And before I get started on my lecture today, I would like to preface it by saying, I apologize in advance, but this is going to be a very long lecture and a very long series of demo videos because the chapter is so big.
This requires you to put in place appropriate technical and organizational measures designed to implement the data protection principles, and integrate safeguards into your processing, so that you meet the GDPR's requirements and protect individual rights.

^^^^^^^^^^^^^^^^

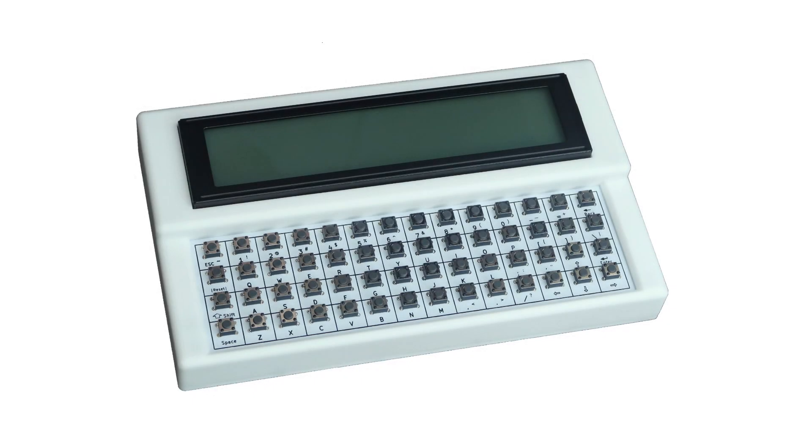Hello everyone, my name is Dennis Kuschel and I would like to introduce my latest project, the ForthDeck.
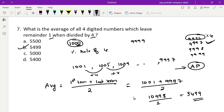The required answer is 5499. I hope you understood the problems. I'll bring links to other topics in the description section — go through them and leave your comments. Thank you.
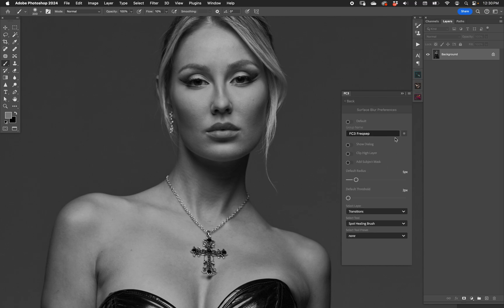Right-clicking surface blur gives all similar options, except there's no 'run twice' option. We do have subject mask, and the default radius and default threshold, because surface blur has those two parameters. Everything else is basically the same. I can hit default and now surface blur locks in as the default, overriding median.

^^^^^^^^^^^^^^^^

◆ Try it ◆
Using the data above, transcribe exactly the lines between those containing "The required answer" and "Right-clicking surface blur", inclusive, and leave every picture behind.

◆ Response ◆
The required answer is 5499. I hope you understood the problems. I'll bring links to other topics in the description section — go through them and leave your comments. Thank you.
Right-clicking surface blur gives all similar options, except there's no 'run twice' option. We do have subject mask, and the default radius and default threshold, because surface blur has those two parameters. Everything else is basically the same. I can hit default and now surface blur locks in as the default, overriding median.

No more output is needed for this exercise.